Editor’s Note: This article was written on NOQ Report and specifically references their coverage.
For obvious reasons, Beth Moore’s tweet thread railing against white supremacy in the church got a lot of attention and raised a lot of question. NOQ Report already covered this story. However, I wanted to add my commentary because having founded the Evangelical Dark Web, in an effort to combat such heresies as the Social Justice Gospel, my expertise on this subject allows me to make sense of Beth Moore‘s words where they may not for most Christians. First Let us review Beth Moore’s words:
If you’re gonna let a little name-calling keep you from standing up for what you believe according to the Word of God is gospel truth, you ain’t ready. White supremacy has held tight in much of the church for so long because the racists outlasted the anti racists. Outlast THEM.

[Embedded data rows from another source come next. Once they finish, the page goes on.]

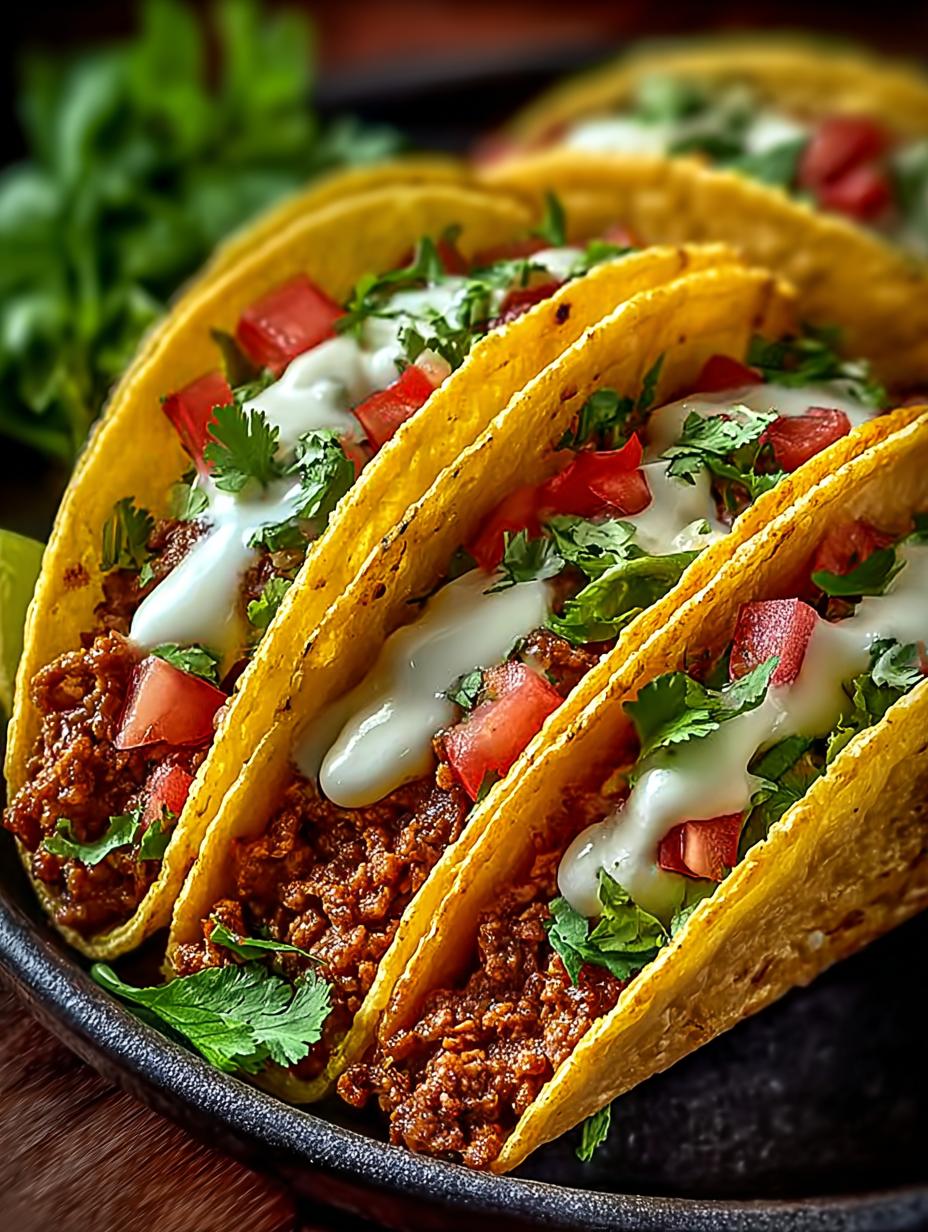 Ofen Kaese Tacos Knusprig: 450 kcal Genot explosie - Ofen Kaese Tacos Knusprig - main visual representation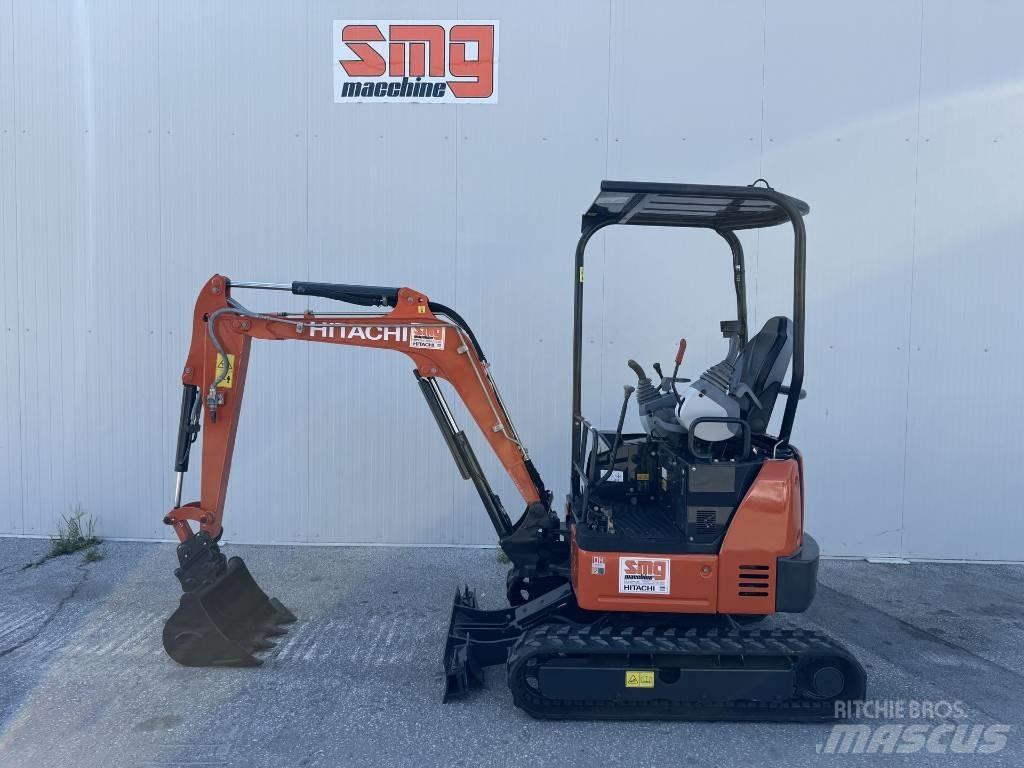 Hitachi ZX 19 U-5 Minibagger < 7t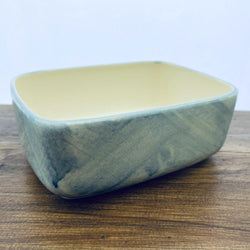 Poole Pottery Fresco Blue Butter Dish Base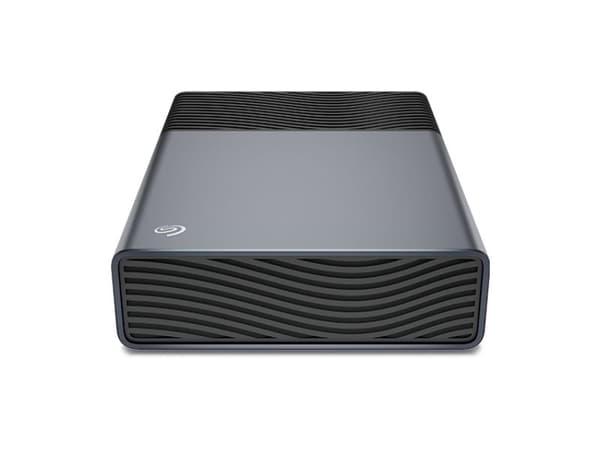 Seagate One Touch - Hårddisk - 8 TB - extern (desktop) - USB (USB-C kontakt) - rymdgrå - med Seagate Rescue Data Recovery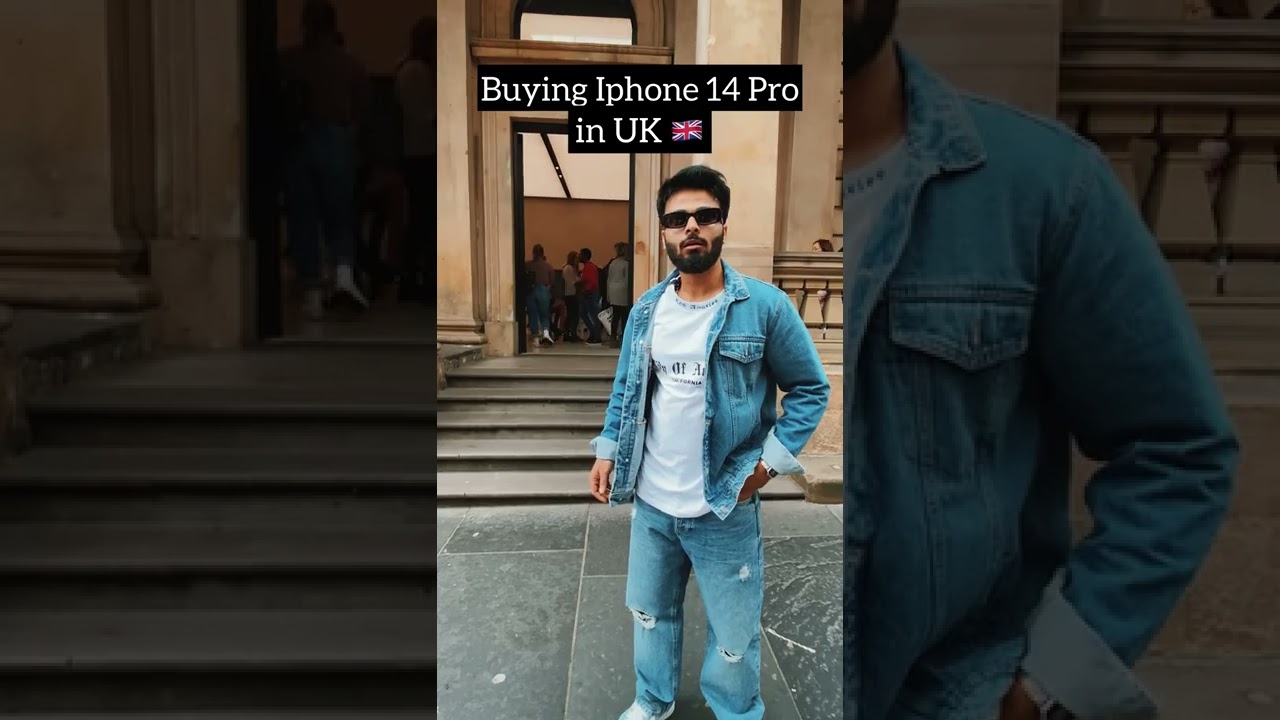 Buying Iphone 14 Pro in UK | Indie Traveller | UK Vlogs | Reality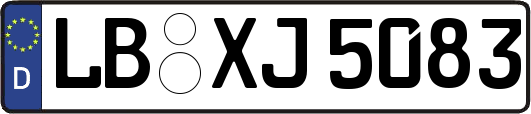 LB-XJ5083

They’re going to call you a Marxist, a liberal (their worst possible derision) & a leftist. They’re going to make fun of your “wokeness” & they’re going to say you’ve departed all faithfulness to the Scriptures. If you teach or preach, they’ll say you are a false teacher/prophet.
And they do this because it is effective. There will be people who believe them. And this is why it has worked for generations. The names in the name-calling may be different but the fear it triggers is the same. No servant of God wants to be seen as unfaithful. So we tone down.
Can’t say this strongly enough: Stay in your Bibles. Read the OT prophets & watch for verses noting God’s displeasure over injustice. Note divine judgment. Start w/ Isaiah. Pore over the Gospels & watch what compelled & repelled Jesus. Read Acts thru Revelation. Read, read, READ.
Stop being intimidated. Don’t enter into the name-calling war. Hold onto your heart as you stand firm. Jesus said a tree is known by its fruit. Gal 5:22-23 lists the fruit Jesus prioritizes: love, joy, peace, patience, kindness, goodness, faithfulness, gentleness & self-control.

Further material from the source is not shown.